Lord Cope of Berkeley raised a thorny issue in the House of Lords yesterday:
Lord Davies of Oldham: My Lords, the Government generally support member states having the flexibility that would be allowed by the legislative proposal regarding reduced VAT rates adopted by the European Commission in July, including the elements to which the noble Lord refers.
Lord Cope of Berkeley: My Lords, I am grateful to the noble Lord for that reply, particularly as the noble Lord, Lord Mandelson, dodged the question the other day. Does he agree that the only reason why the anomaly of a zero rate on new buildings and 17.5 per cent on repairs has gone on for so long is the European directive governing VAT? Will the Government press very hard the few nations that object to a change, particularly Germany, to try to ensure that the Chancellor of the Exchequer has the opportunity to make such a change now that targeted tax cuts are back on the agenda?

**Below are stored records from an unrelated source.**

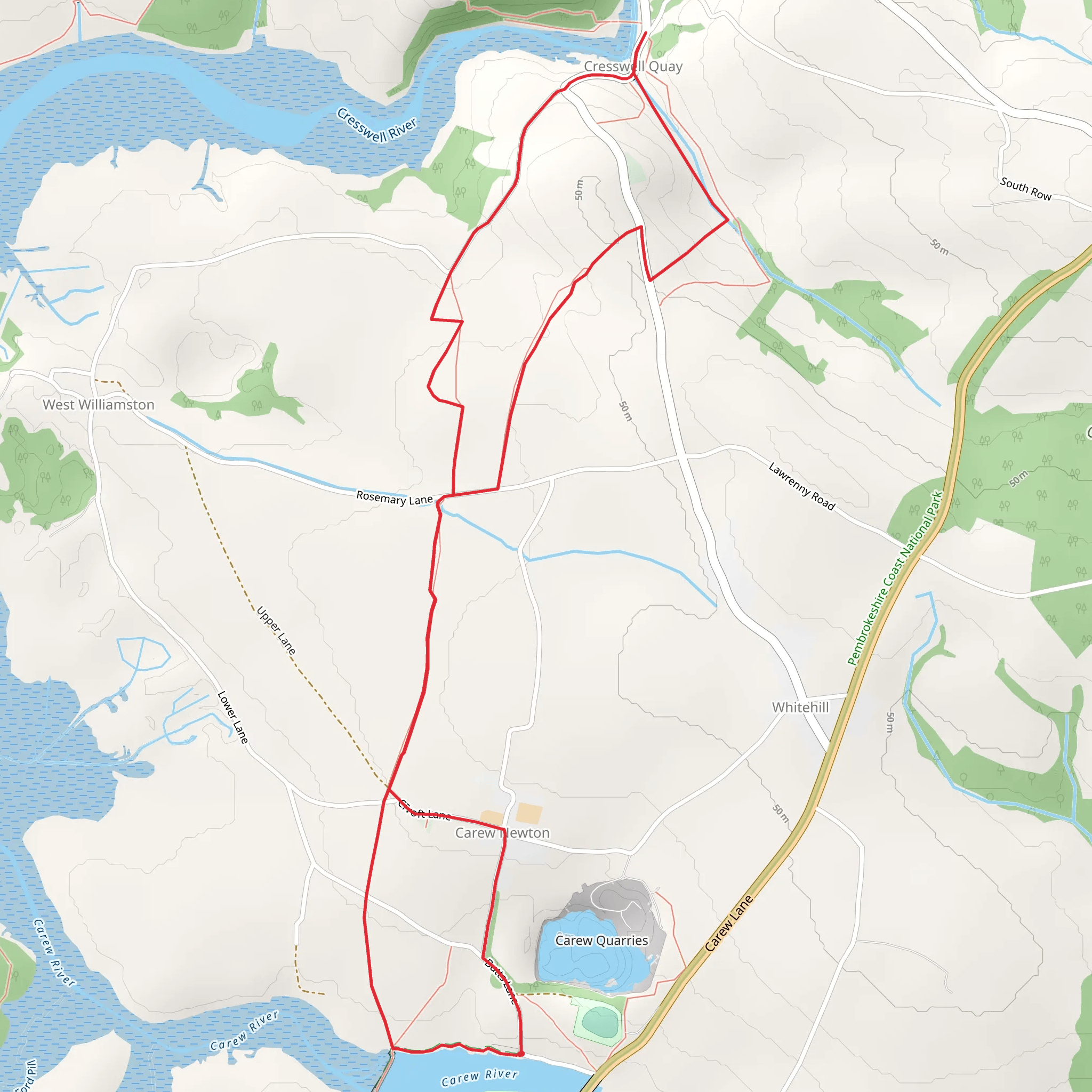 Carew - Cresswell Quay mobile static map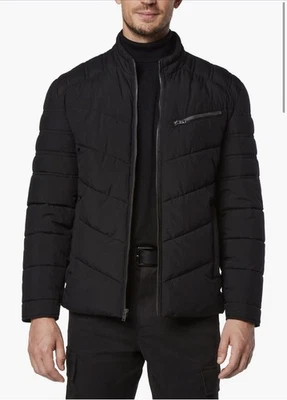 Andrew Marc Winslow Quilted Packable Moto Jacket Size M Black Pockets Faux Down - Image 1 of 4
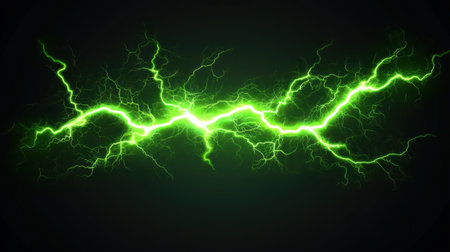 High-angle view of sharp green neon lightning streaks spreading dynamically on a dark, atmospheric backgroundの素材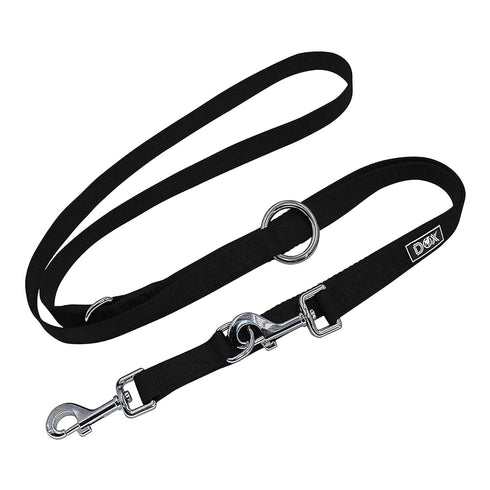 DDOXX 6.6 ft Nylon Dog Leash, 3-Way Adjustable for Dogs - XS (Black), Red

Lord Davies of Oldham: My Lords, I am sorry that the noble Lord made that slighting remark about my noble friend Lord Mandelson, who was merely reflecting that the issue is not yet decided in Europe. Before making a judgment, Britain must await the normal budgetary process, which is the responsibility of the Treasury and not of the Department for Business, Enterprise and Regulatory Reform. On the noble Lord’s more general point, I have indicated that the Government are in favour of the changes proposed by the Commission. He is right that a number of countries are still to be persuaded, but we have considerable hopes of making progress on that and of the directive being passed shortly."
This debate has been raging for many years. It does seem to retard the cause of keeping our fine and old buildings in good repair to levy VAT. Does anyone have any good arguments in favour of the status quo?